§ **GOAL OF THE EXERCISE**
I need the lines below from the one with "Lilly Pulitzer Rilla" down to the one with "Pinceles para pintura" reproduced exactly, both ends included, and nothing else.

§ **DATA FOR THE TASK**

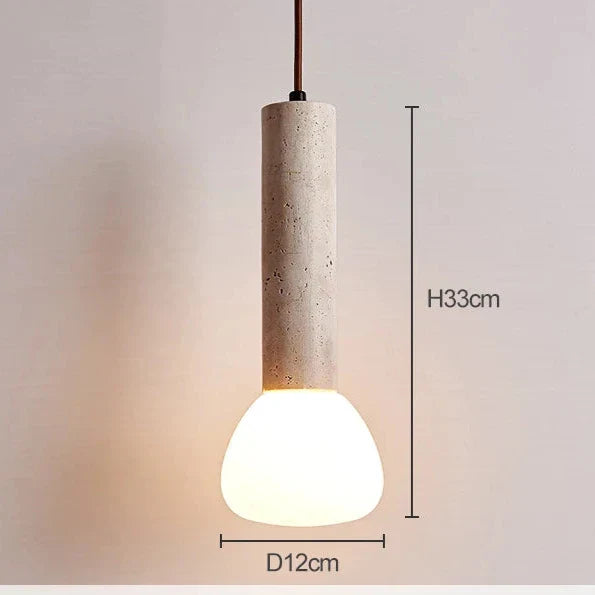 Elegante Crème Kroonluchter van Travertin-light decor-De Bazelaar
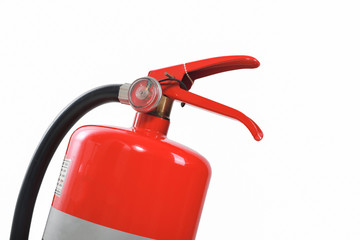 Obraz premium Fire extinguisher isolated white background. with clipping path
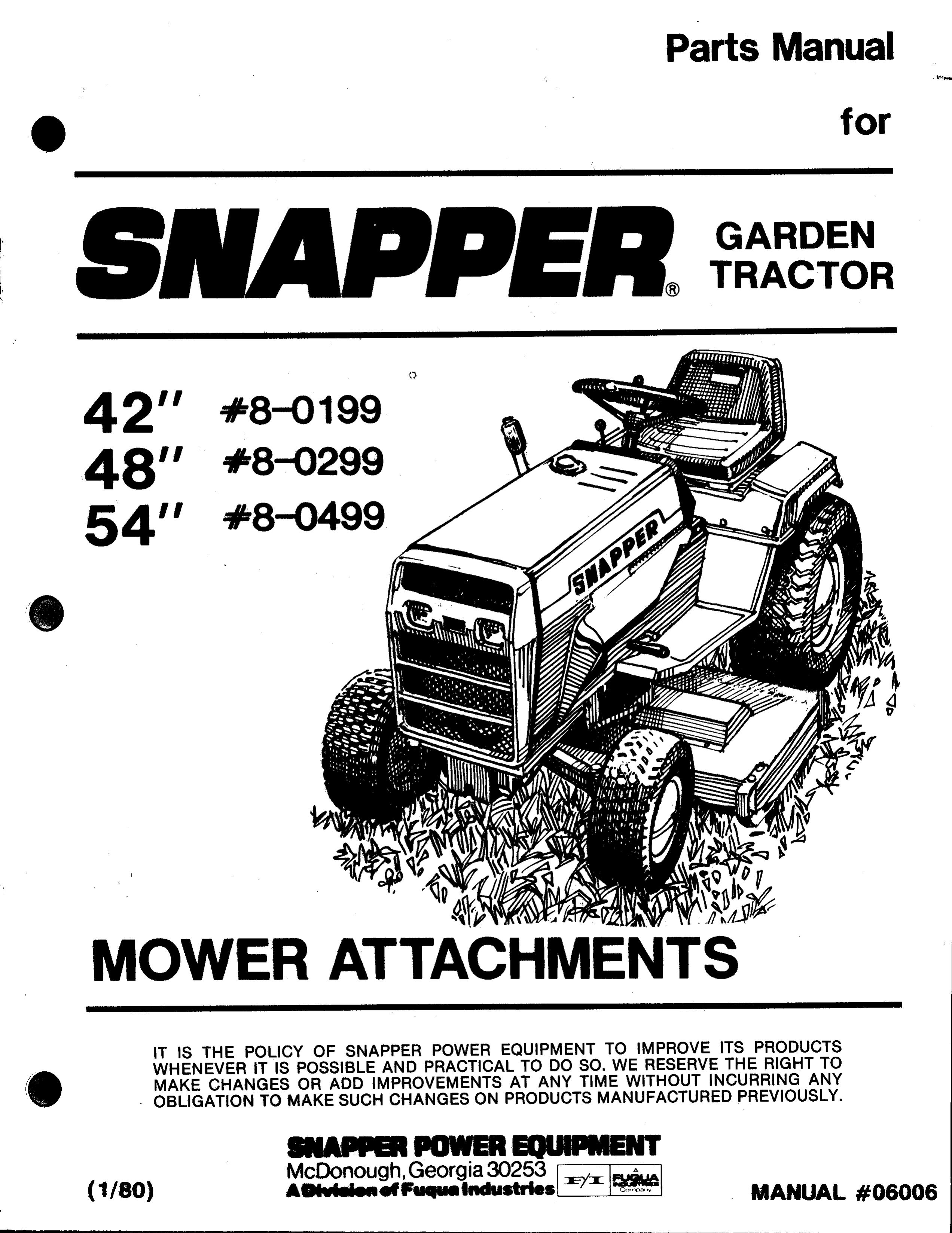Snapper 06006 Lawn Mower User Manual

==

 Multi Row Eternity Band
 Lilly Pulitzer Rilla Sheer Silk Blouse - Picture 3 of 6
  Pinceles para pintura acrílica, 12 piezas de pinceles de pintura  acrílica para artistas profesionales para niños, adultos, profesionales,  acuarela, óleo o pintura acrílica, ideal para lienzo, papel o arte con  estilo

* * *

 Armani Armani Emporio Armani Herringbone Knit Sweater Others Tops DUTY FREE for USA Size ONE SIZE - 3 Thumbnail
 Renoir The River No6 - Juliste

§ **TASK RESPONSE**
 Lilly Pulitzer Rilla Sheer Silk Blouse - Picture 3 of 6
  Pinceles para pintura acrílica, 12 piezas de pinceles de pintura  acrílica para artistas profesionales para niños, adultos, profesionales,  acuarela, óleo o pintura acrílica, ideal para lienzo, papel o arte con  estilo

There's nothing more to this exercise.